これからの農業について(2) 
谷口信和先生、八木岡会長対談

■第2回:みどりの食料システム戦略を有効なものにするために

八木岡:日本の農業従事者の8割が60歳以上です。今後は若手2割で現在の生産量を維持していく必要があります。高効率な農業と合わせて、農業にとって脅威となっている気候変動問題に対処していくために、地球温暖化への対応も必須となっています。八木岡会長JAグループ茨城として持続可能で高付加価値な農業を実現していかなければなりません。その施策として農水省は『みどりの食料システム戦略』を発表しました。
 内容的にはどこから手を付けて、どう計画を具体化していけばいいのかと悩み始めています。

谷口:いきなりみどり戦略を提示されても「できるんですか?」という反応になるし、現在有機農法を進めている農家にとっては「なんだこれ」と思っています。現場で実際にやっている人が「ちょっとここは違う」と言って議論できる環境が整備されていないのは問題です。

八木岡:そういう印象を農家も強く持つと懸念しています。

谷口:みどり戦略がEUの政策を後追いで真似しているところも問題です。すでに追いつけないほど差がついているのに、EUのモノマネになってしまっています。物事には順番があり、たくさん収穫できる技術を身につけた上で初めて品質を上げていけるわけです。病害虫への対策などもできている上で農薬使用量を減らす議論になるのに、いきなり減らせと言われても誰もついていけない。谷口先生時代に合わせた現実的で合理的な技術を持って、それをどう発展させていくかというプロセスが必要なんです。今回の戦略は、いきなりという感覚を多くの人が強く感じてしまっているのではないでしょうか。

八木岡:EUの『Farm to fork』が手本にあるようですね。EUの成長戦略としての欧州グリーンディールへの対応として位置づけているように、経済自体を持続可能なものにするという強い意志が全体の背景にありますね。一方で日本の場合には農業従事者の人口減、高齢化に待ったなしの状況に加えて地球温暖化対策と、崖っぷちの状況で急にみどり戦略が出てきました。否定せずに、どういう順番とやり方で実現していくか、現実的に考えていく必要があります。どう考えていけばいいでしょうか?

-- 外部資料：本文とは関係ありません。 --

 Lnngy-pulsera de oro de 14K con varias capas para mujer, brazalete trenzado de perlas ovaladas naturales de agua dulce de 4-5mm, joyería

谷口:日本もいくつもの優れた実績があります。そのやり方をうまく活かしていくことを考えるといいと思います。1970年代、日本で一番食用米として高単収で収穫できたのはなんと弘前でした。1反で約13俵の収穫があったのに、不味い米と言われて終わった過去がありました。北海道も収穫量で言えば成績が良かったのに、量だけ収穫できても食べて不味いと言われて相手にされなかったわけです。
 しかし今、飼料米として作るとすればどうでしょう?収穫量をあげるノウハウがそこに残っているはずで、それを学び直す価値はあるはずだと思います。北海道はこの土台ができていることで、環境に適応できる品種ができたとき、一気に伸びました。元々持っていた日本のノウハウを見直し、行政がそれを反映した政策にすることで現場はやる気がでる。作る本人が「これならやれる」という気になる技術、ノウハウを添えて政策を提案すべきです。そうすることで現場は動き始めます。

八木岡:なるほど。急に出てきた戦略に驚かず、実行していく農家の目線で、いかにやる気になってもらうかを考えることが大切なのですね。そして、過去はできなかったけれど状況が違って役に立つという収穫量の話や、現在のテクノロジーが加わることで実現できる方法などを見直してみることも現実的ですね。そういう目線で取り組ことを実践していきます。

谷口:みどり戦略では十分に説明されていないのですが、農業がCO2を減らすのに最も貢献できるのは、たとえば食料自給率を大幅に引き上げ、輸入食料や飼料を国産に切り換えることなのです。
 ある研究者の報告によると、アメリカから飼料用とうもろこしを輸入した場合と国産の場合を比較すると国産の方がCO2排出量は10%ほど少ないのです。生産の段階ではアメリカの方が大規模で、遺伝子組み換えとうもろこしを使用していることから農薬や化学肥料の投入量が少ないため、CO2排出量は国産よりかなり少ないのですが、何と言っても太平洋を船舶で渡ってくる間の排出量が大きいため、国産の方が排出量は少ない結果になっています。
これは多くの輸入食料や農産物にも当てはまりますので、日本の農業と食料にとっては自給率向上が温暖化対策の最重要な武器となります。その上で化学肥料と農薬の使用量を少しずつ減らすということが重要だということになります。